Svetkey noted that Evans has provided ongoing career development seminars, mentorship, informal coaching, sponsorship and advocacy for faculty, trainees, and medical students from under-represented groups.
Resident Award
Dr. Tamara Saint-Surin, MD, won the Winn Award for residents this year for championing civility across the residency training program and bringing additional training to housestaff at the Durham VA Medical Center. She served as the program’s national representative to the Student National Medical Association, and she sought leadership roles in bringing diversity to the residency program through recruitment.

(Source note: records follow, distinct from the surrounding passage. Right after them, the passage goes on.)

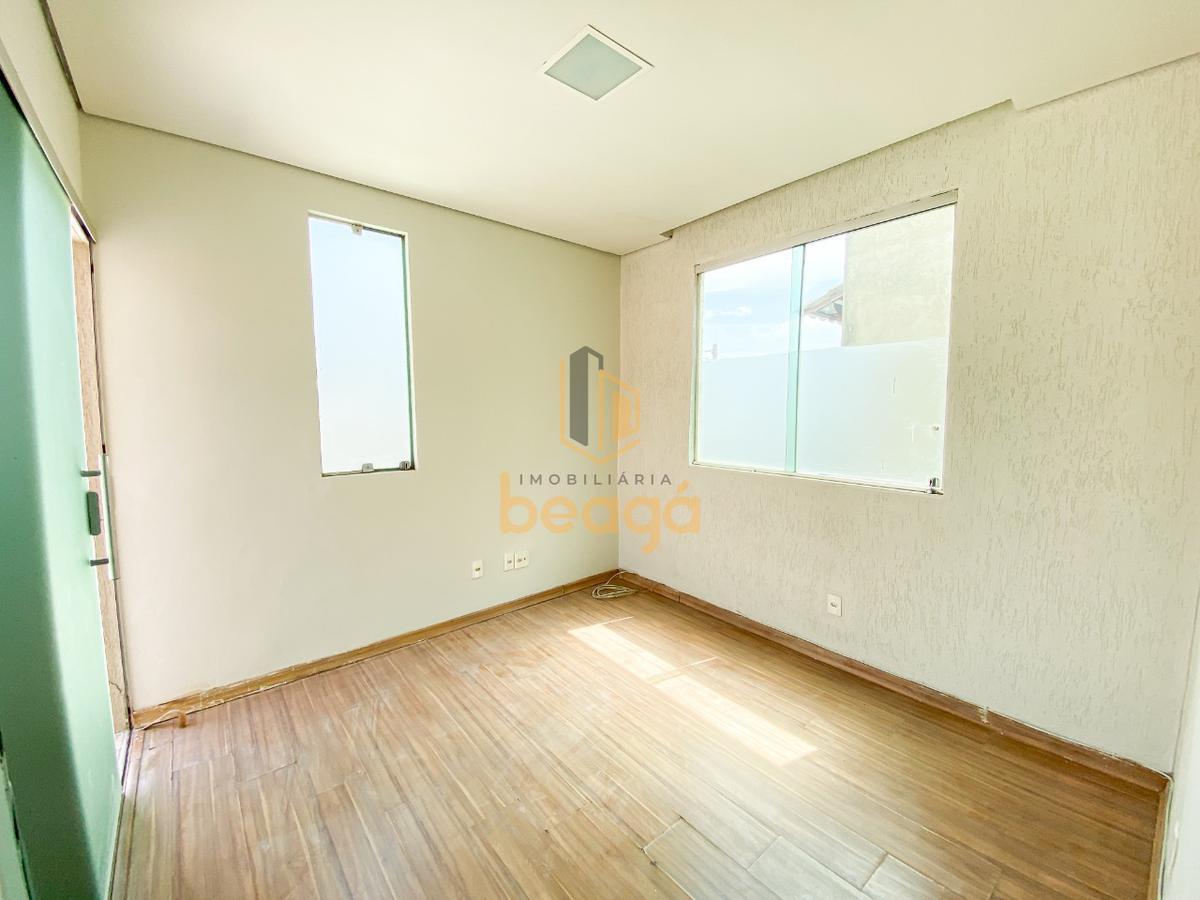 Casa, Parque Turistas, 4 Quartos, 2 Vagas, 2 Suítes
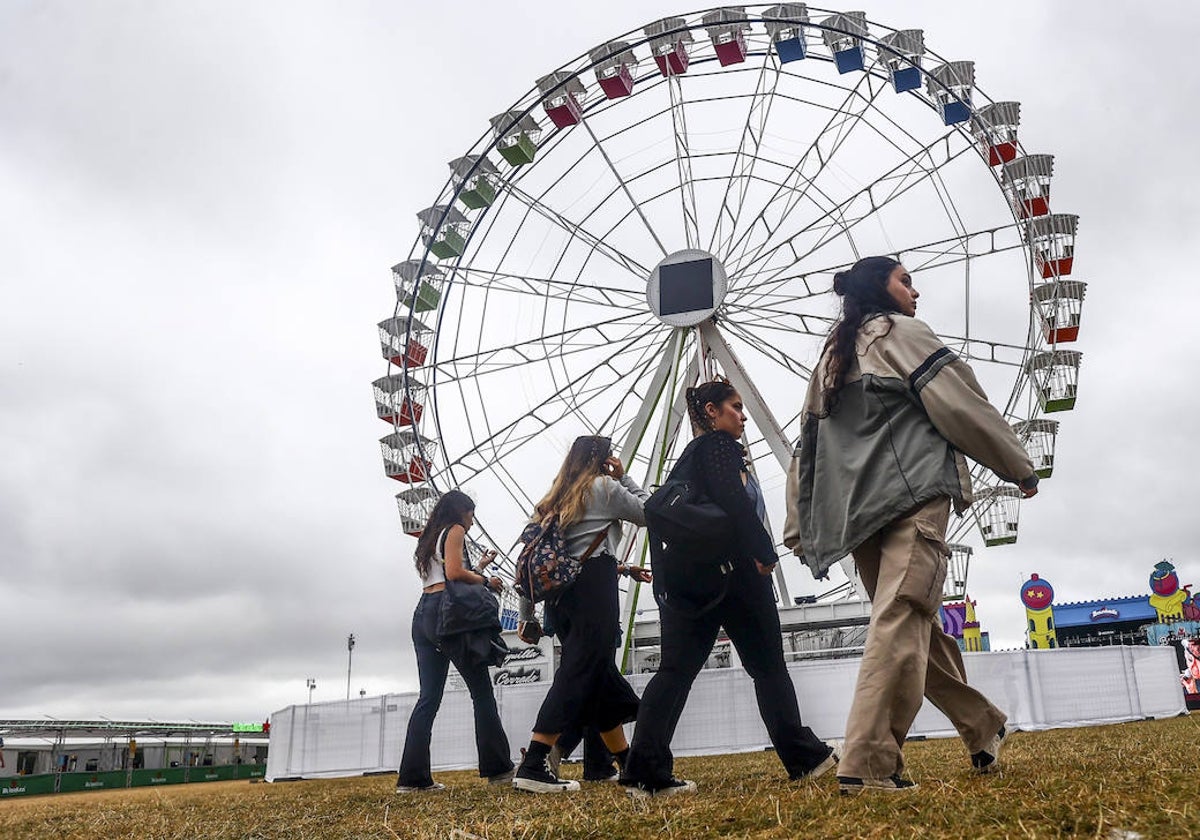 Noria del festival donde se produjo el fatal accidente, y que ayer, en la última jornada del Boombastic, permaneció cerrada y vallada.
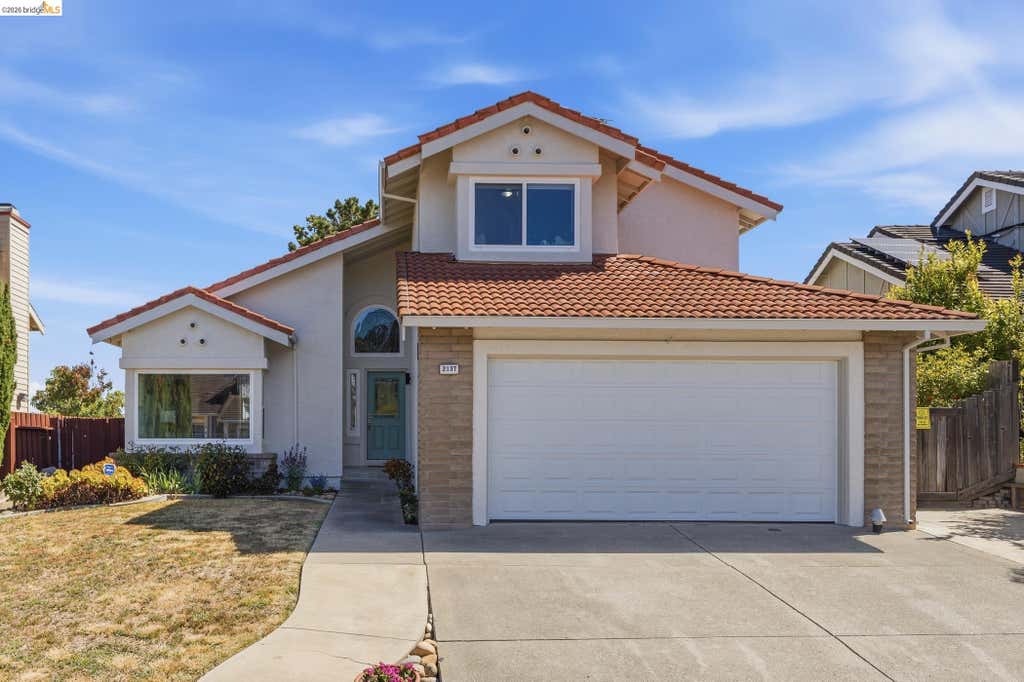 Photo of 2137 Pheasant Dr, Hercules, CA 94547 (MLS # 41145775)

“Tamara is a leader who is passionate and driven to create a more diverse and inclusive environment at Duke and beyond. She has spearheaded multiple initiatives that have led to programmatic changes to accomplish this goal,” wrote Nancy Yang, MD, a 2020 graduate of the residency program, and now a fellow in Gastroenterology.
Staff Award
In addition to her other duties as human resources director for the Department of Neurosurgery, Priscilla Graham is on the School of Medicine Inclusion Council and has worked tirelessly to establish the Department’s Diversity and Inclusion Committee and to make sure the committee included all members of the Department. She utilized her love for organization and event planning to help plan one of Neurosurgery’s most inclusive holiday parties. She has been passionate about educating the committee and those around her about diversity and inclusion.
Student Award
Nathaniel Neptune, a fourth-year student at the School of Medicine and Fuqua School of Business, took time from his busy schedule to help create a new Clinical Immersion Elective course to allow students to help provide care to patients in a community clinic. He was also elected as an Executive Board Member for Duke's Student National Medical Association for the past three years and has served as a Health Professions Recruitment and Exposure Co-Director to provide formal mentorship to underrepresented high schoolers in the local Durham area.
Team Award
The faculty and facilitators of the School of Medicine’s Cultural Determinants of Health Disparities received the Winn 2020 Team Award. The award acknowledges and celebrates their work on the country’s first required interprofessional curriculum tasked with exploring health disparities and the impact of sociocultural influences on a broad spectrum of health outcomes observed in Durham, North Carolina, and beyond. This course began for first-year medical students in the fall of 2017, and is now in its fourth year. In 2019, the course was expanded to include first-year doctor of physical therapy students as well as second-year medical students. CDHD content enhances student education by promoting discourse about current and future patients, providers, and peers. Students share views and opinions while gaining insights into how to promote health equity and culturally appropriate medical care.
About the Winn Inclusive Excellence Award
The Office of Diversity & Inclusion established the Michelle Winn Inclusive Excellence Award award in 2016 to recognize individuals who have made significant contributions to diversity and inclusion within the Duke School of Medicine community. The award is named for Michelle Winn, MD, (left), associate professor of Nephrology in the Department of Medicine, who passed away in July 2014. Dr. Winn was respected and beloved by her colleagues and deeply committed to diversity and inclusion and to the careers of younger physicians and scientists who orbited around her. This award is given annually to a Duke Health community member who has exemplified excellence, innovation, and leadership through helping create a more diverse and inclusive environment.